Input for this task:
----
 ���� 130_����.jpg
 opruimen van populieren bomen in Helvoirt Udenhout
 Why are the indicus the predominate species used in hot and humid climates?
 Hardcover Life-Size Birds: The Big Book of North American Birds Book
----
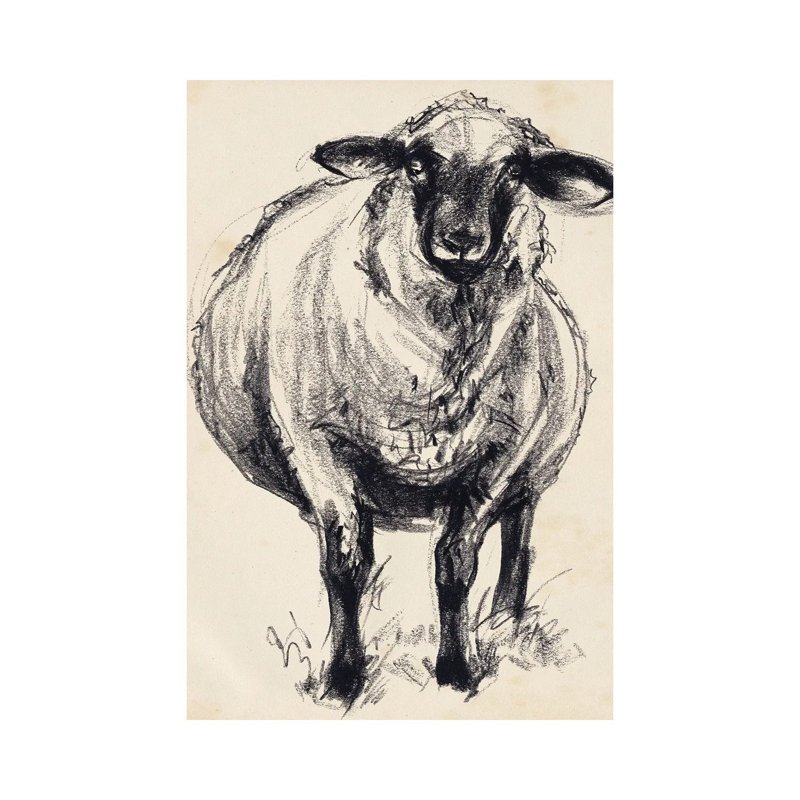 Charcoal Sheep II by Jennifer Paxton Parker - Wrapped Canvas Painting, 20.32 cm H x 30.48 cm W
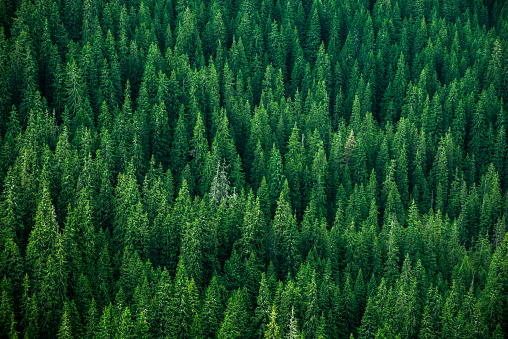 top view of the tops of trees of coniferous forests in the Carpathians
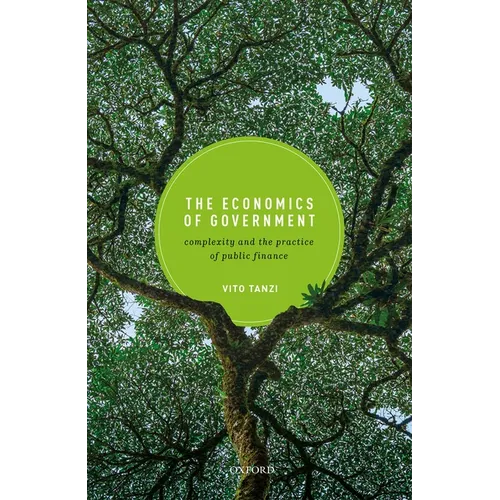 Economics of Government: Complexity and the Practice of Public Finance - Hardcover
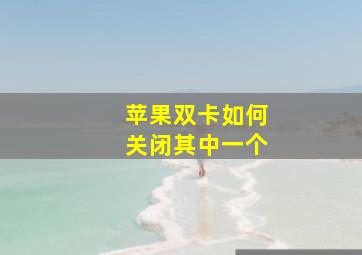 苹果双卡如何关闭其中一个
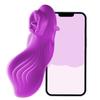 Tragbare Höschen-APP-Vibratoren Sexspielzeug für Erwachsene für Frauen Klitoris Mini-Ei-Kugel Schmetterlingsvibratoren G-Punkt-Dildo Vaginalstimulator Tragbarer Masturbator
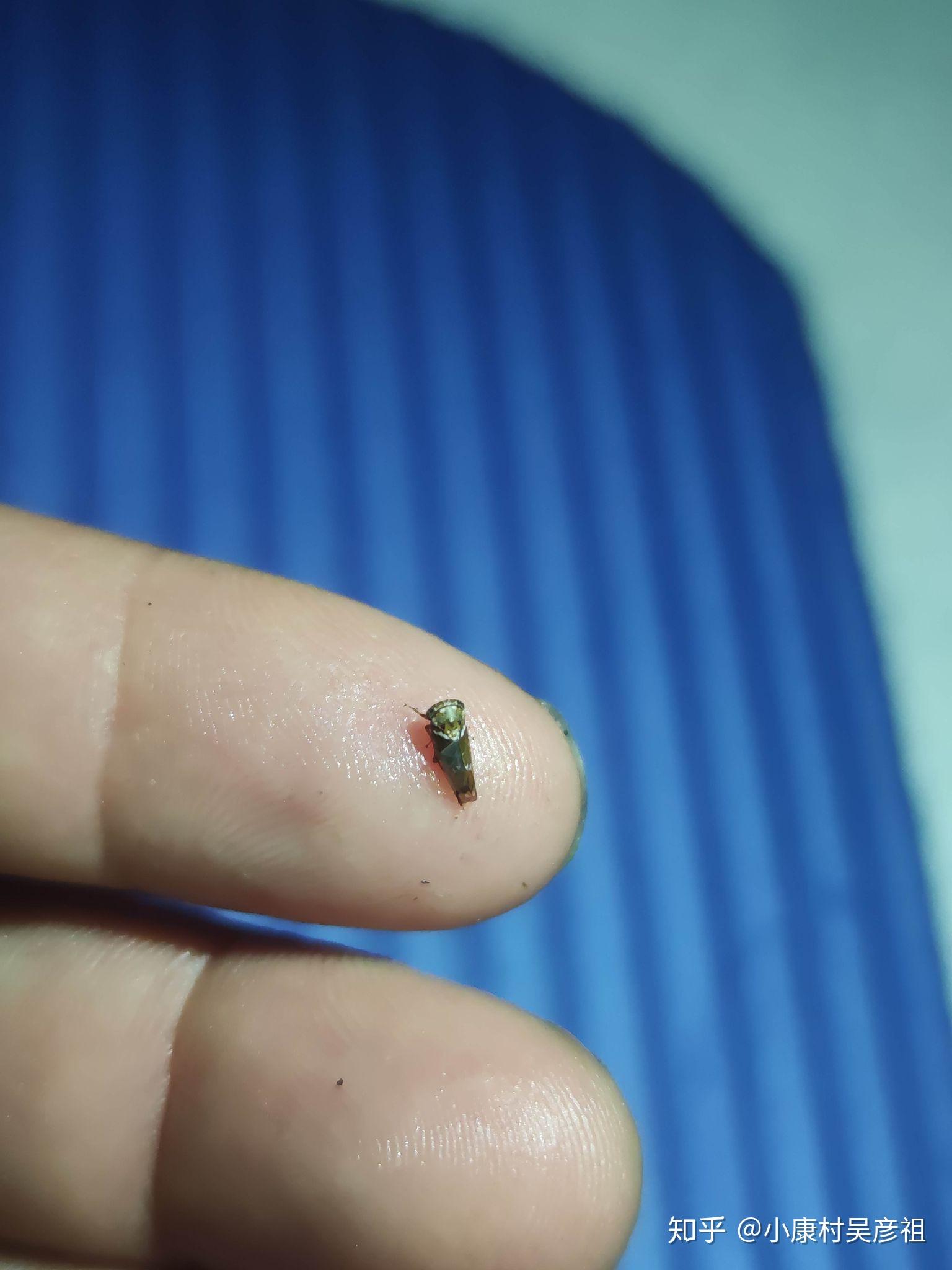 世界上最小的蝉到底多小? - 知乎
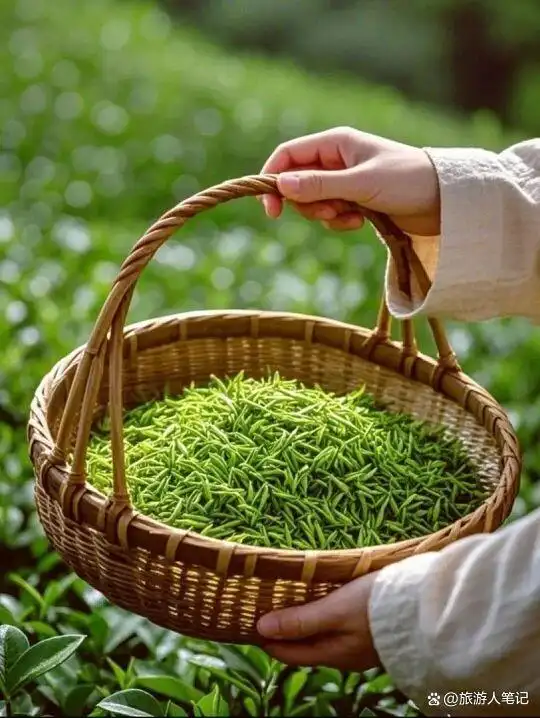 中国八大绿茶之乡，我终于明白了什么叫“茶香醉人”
----
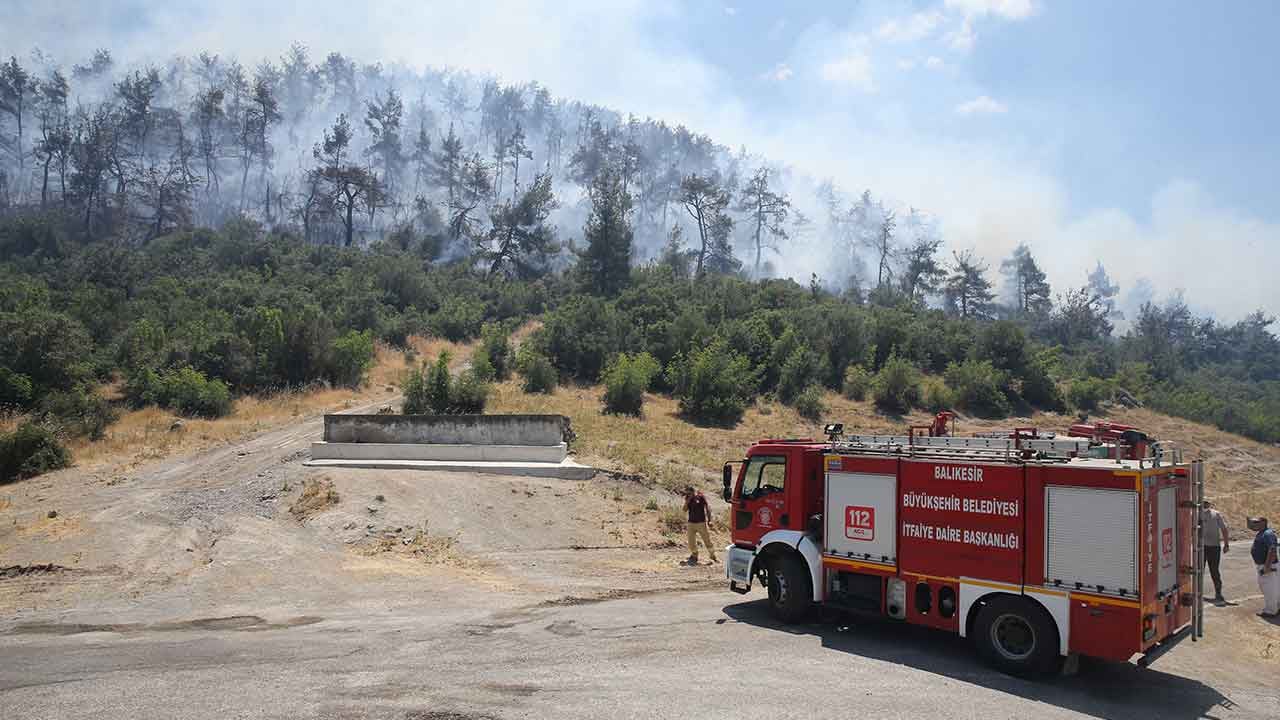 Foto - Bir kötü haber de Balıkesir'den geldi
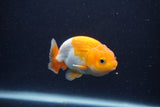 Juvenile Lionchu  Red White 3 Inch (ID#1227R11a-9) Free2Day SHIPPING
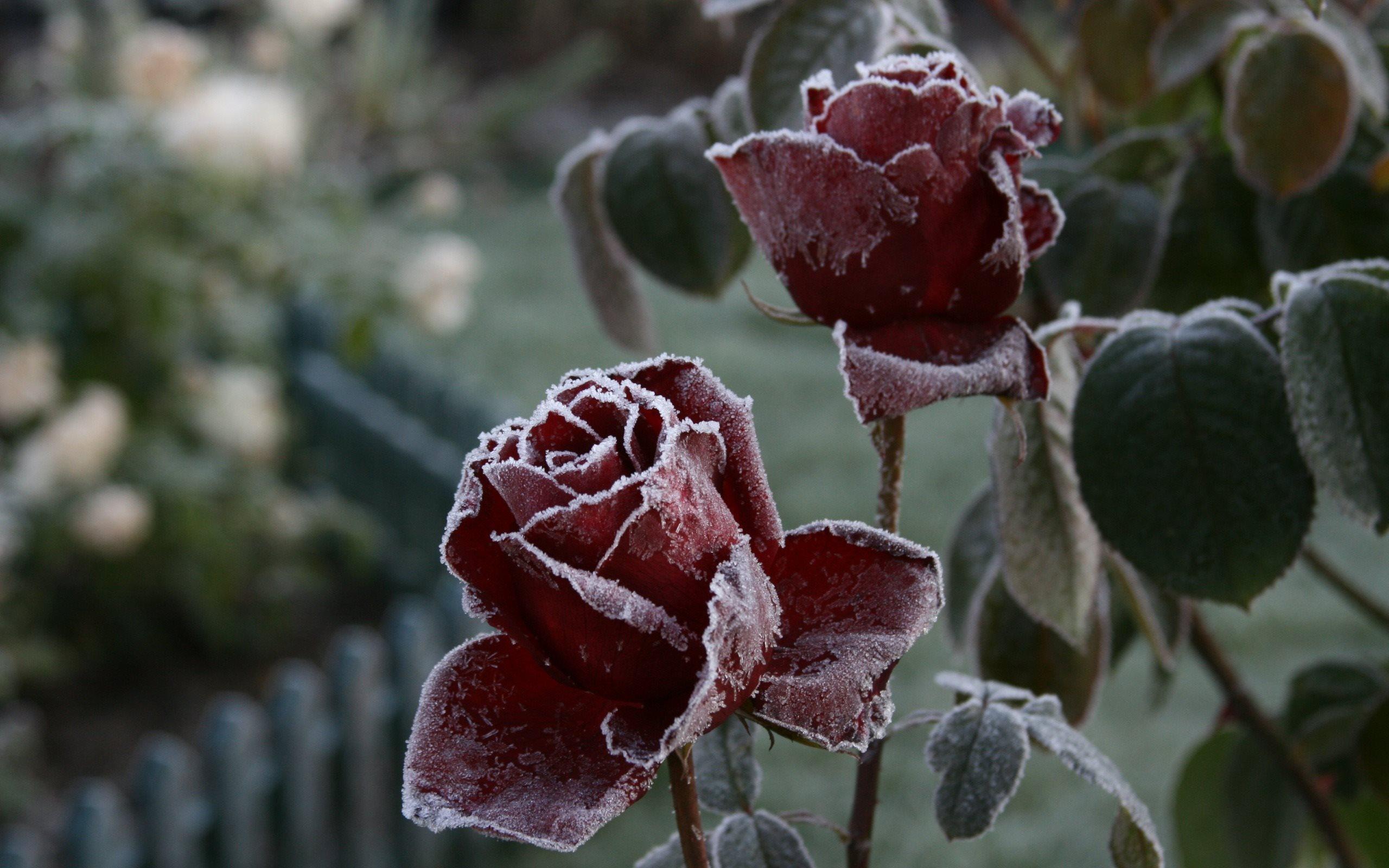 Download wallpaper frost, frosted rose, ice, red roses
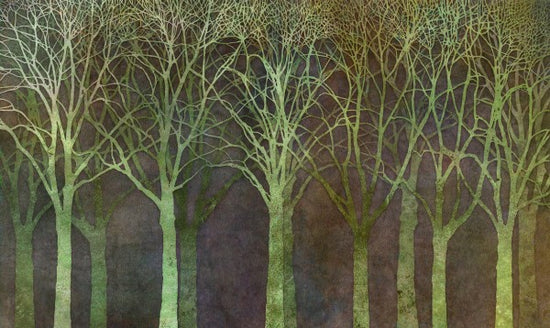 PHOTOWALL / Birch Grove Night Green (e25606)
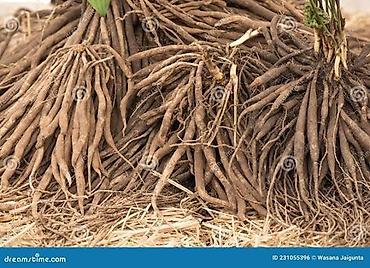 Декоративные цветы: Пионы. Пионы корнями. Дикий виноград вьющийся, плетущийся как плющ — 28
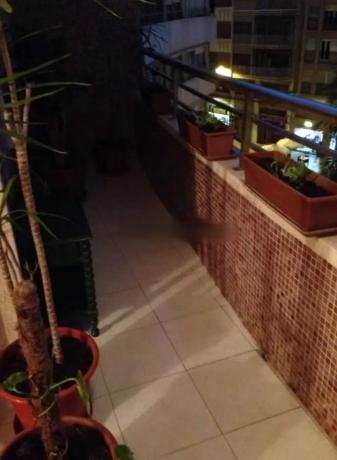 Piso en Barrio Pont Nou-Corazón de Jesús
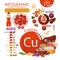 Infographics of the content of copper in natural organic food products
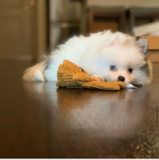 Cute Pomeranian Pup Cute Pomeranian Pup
----
Your task:
In the material above, one part opens with the line containing "Infographics of the" and closes with the line containing "Cute Pomeranian Pup Cute Pomeranian Pup". Write out that part exactly and skip its pictures.

Response to the exercise:
 Infographics of the content of copper in natural organic food products
 Cute Pomeranian Pup Cute Pomeranian Pup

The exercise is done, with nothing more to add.